■ **Work order**: Retype, word for word, each line between the lines holding "Armário de arrumação" and "Bestway Piscina Hinchable", inclusive, and leave the rest of the data alone.

■ **Data listing**:
______________________________
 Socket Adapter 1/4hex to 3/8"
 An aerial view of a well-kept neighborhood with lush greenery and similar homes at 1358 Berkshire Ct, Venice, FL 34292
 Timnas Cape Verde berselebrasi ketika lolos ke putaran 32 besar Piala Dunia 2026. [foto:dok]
______________________________
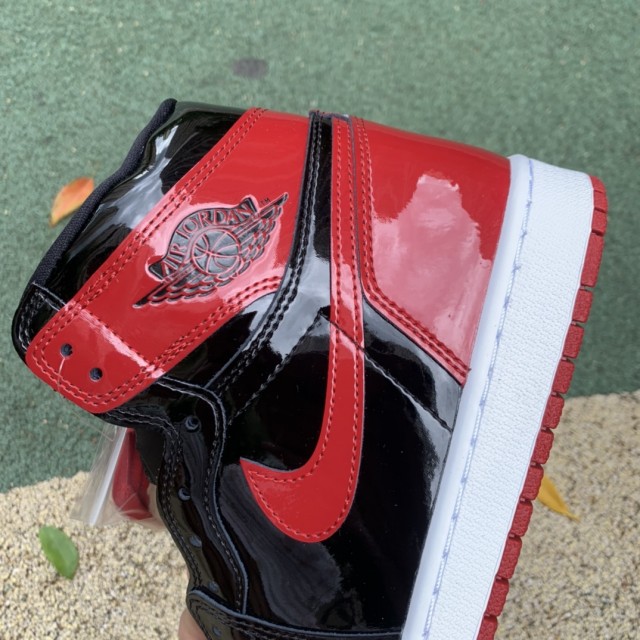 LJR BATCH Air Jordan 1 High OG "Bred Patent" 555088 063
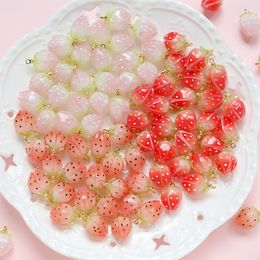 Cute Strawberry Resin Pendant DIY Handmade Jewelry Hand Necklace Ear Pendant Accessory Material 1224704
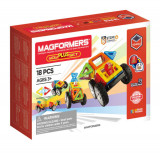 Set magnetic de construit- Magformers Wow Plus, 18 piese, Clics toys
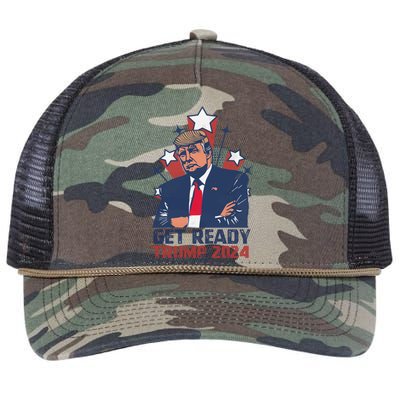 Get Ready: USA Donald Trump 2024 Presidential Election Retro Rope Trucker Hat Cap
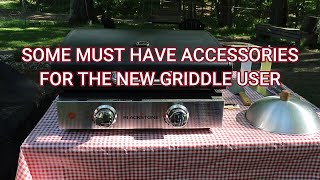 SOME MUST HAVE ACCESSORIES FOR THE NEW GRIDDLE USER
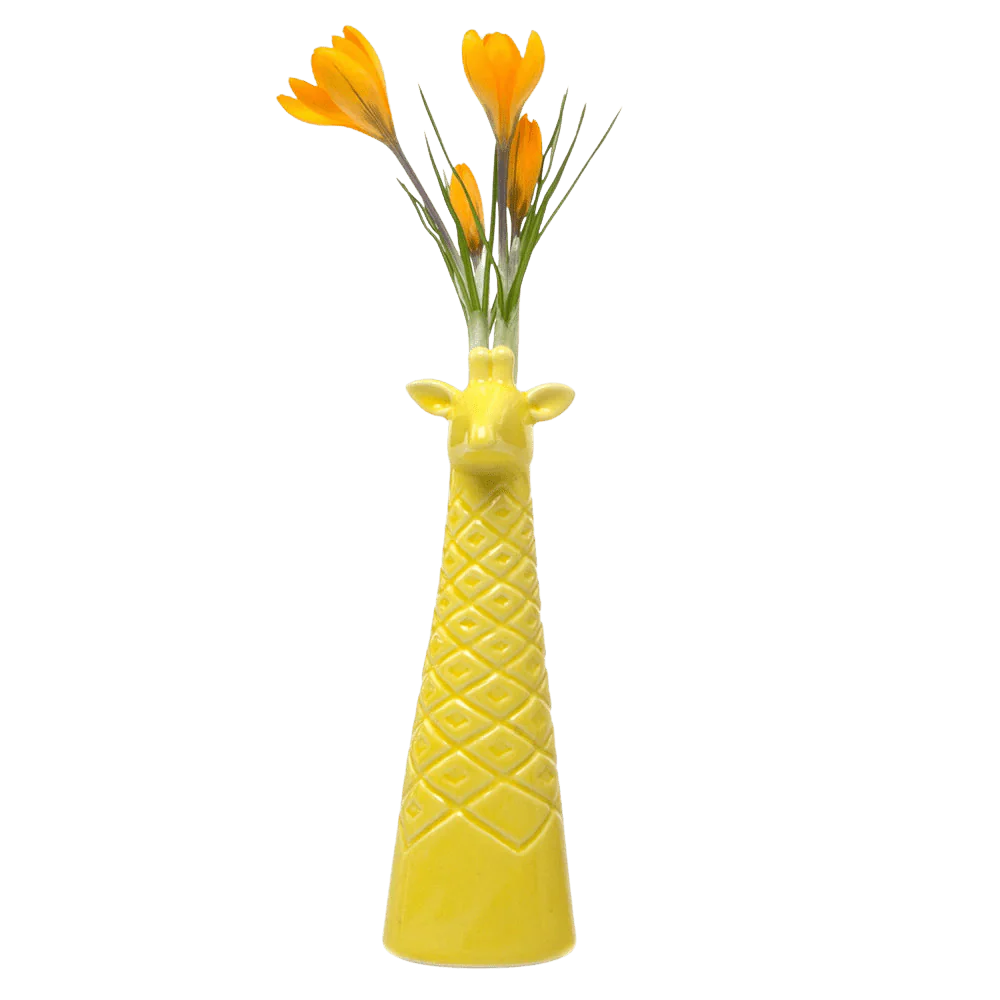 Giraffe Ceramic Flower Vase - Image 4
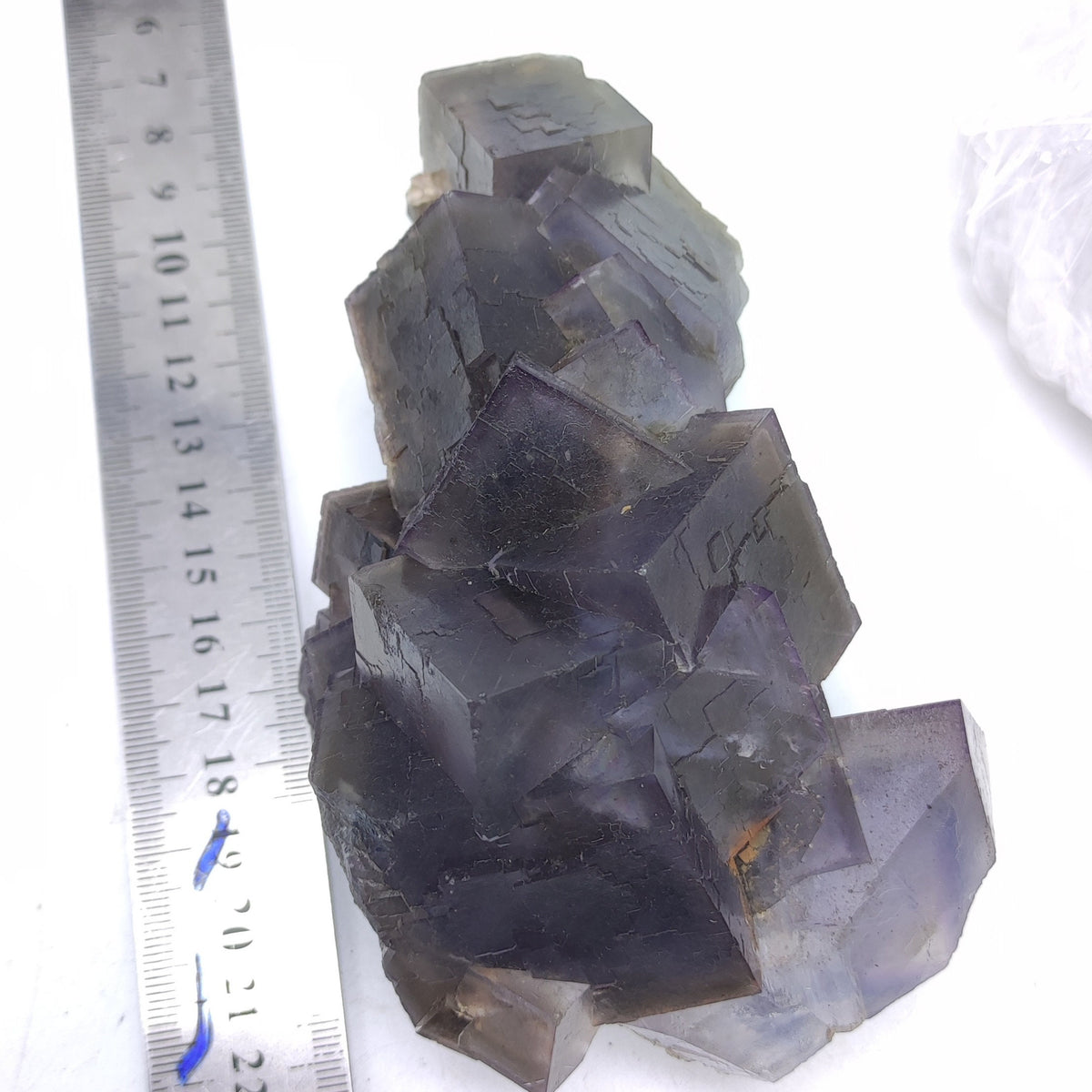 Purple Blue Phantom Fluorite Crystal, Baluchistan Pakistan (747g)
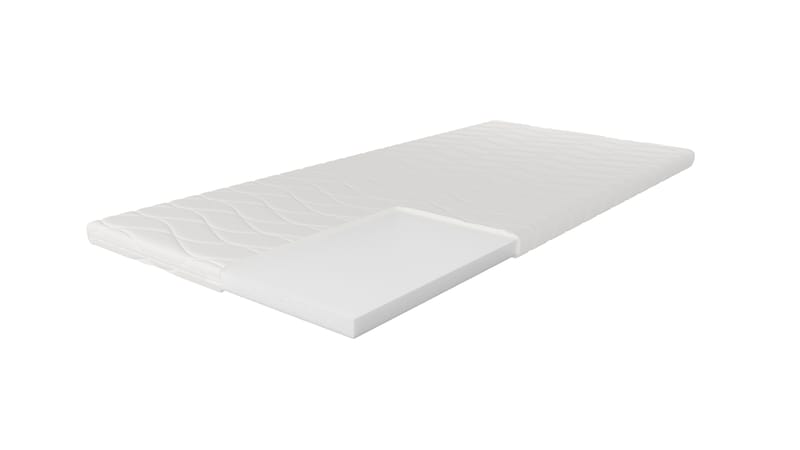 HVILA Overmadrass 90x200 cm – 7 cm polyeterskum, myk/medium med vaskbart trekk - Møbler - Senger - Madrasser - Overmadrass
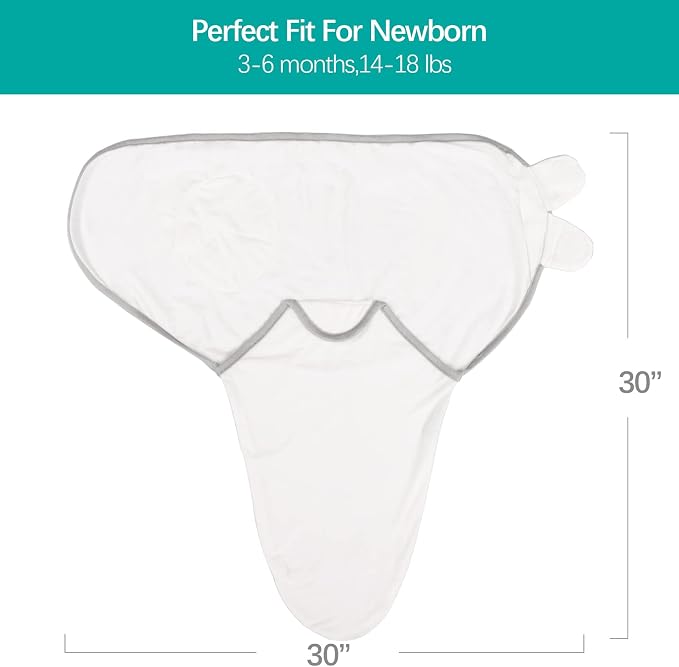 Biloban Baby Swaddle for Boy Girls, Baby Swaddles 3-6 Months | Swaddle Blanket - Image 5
______________________________
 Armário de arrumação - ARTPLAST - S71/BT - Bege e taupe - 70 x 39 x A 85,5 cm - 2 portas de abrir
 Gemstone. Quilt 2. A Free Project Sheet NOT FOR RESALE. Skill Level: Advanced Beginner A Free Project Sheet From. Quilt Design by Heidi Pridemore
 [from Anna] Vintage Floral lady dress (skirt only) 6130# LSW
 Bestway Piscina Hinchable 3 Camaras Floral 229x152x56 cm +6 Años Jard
______________________________
■ **Exercise response**:
 Armário de arrumação - ARTPLAST - S71/BT - Bege e taupe - 70 x 39 x A 85,5 cm - 2 portas de abrir
 Gemstone. Quilt 2. A Free Project Sheet NOT FOR RESALE. Skill Level: Advanced Beginner A Free Project Sheet From. Quilt Design by Heidi Pridemore
 [from Anna] Vintage Floral lady dress (skirt only) 6130# LSW
 Bestway Piscina Hinchable 3 Camaras Floral 229x152x56 cm +6 Años Jard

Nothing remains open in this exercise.